Punhani is preparing to graduate in May and is currently working on his MIMS capstone project, a set of techniques to protect the privacy of autonomous vehicles users while still allowing the data collected to be useful to the public. The project is an accumulation of all of the knowledge and skills he’s acquired in the fields of cybersecurity, privacy and data science. He hopes to collaborate with professors at Berkeley, as well as industry specialists, to build a socially-responsible product that could be used by the industry for a bigger technology.

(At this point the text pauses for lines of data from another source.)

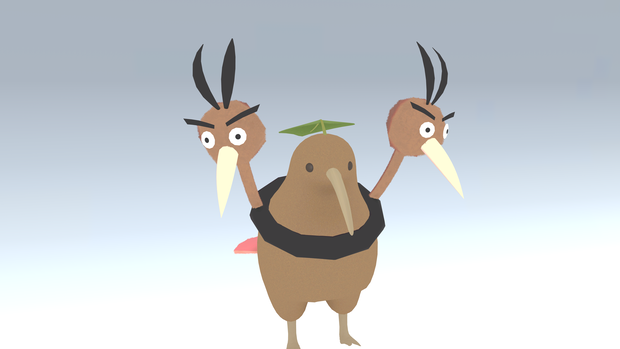 某飛行タイプ鳥のなりきりセット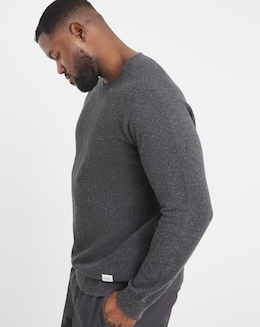 Jack &amp; Jones Hill Knitted Jumper - Grey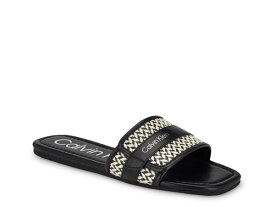 【送料無料】 カルバンクライン レディース サンダル シューズ Bonisa Sandal Black/Light Natural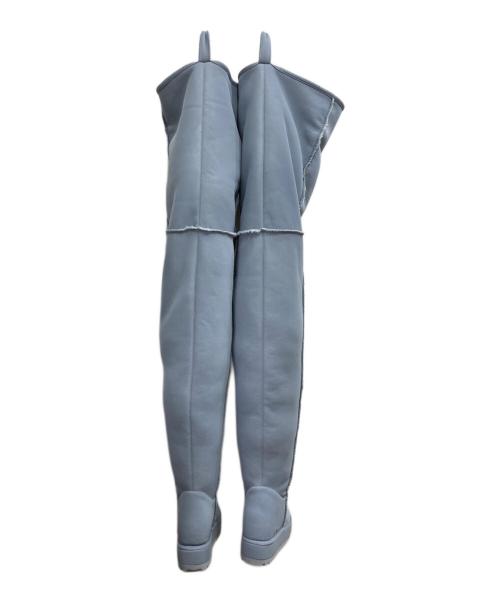 YELLO（イエロ）YELLO (イエロ) ムートンルーズロングブーツ ブルー サイズ:2XLの古着・服飾アイテム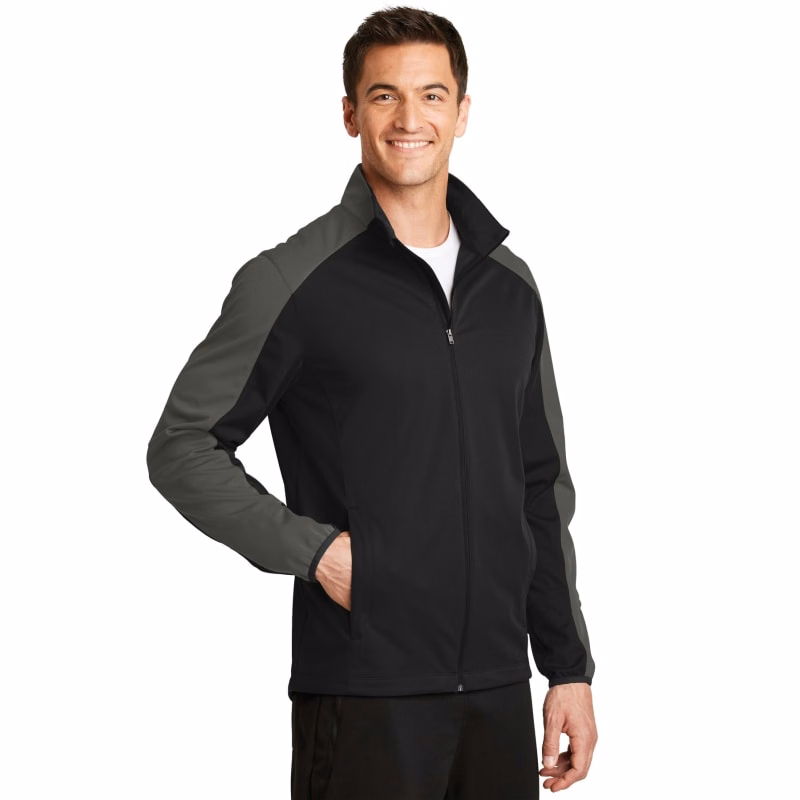 Port Authority Active Colorblock Soft Shell Jacket.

“This fellowship will guide me in my research,” Punhani said, “and ultimately help me become an innovative cybersecurity leader who not only gives back to the society but takes it along.”
J.M. Porup started the Master of Information and Cybersecurity (MICS) degree program in summer 2018, in the program’s first entering cohort, and completed the MICS degree in December 2019. Porup is a journalist with more than a decade’s worth of experience under his belt, published in popular publications such as Ars Technica, The Christian Science Monitor, and The Economist. With a MICS degree, he hopes to pair his strong writing background with a robust technical foundation in order to continue to build on his work as a cybersecurity reporter.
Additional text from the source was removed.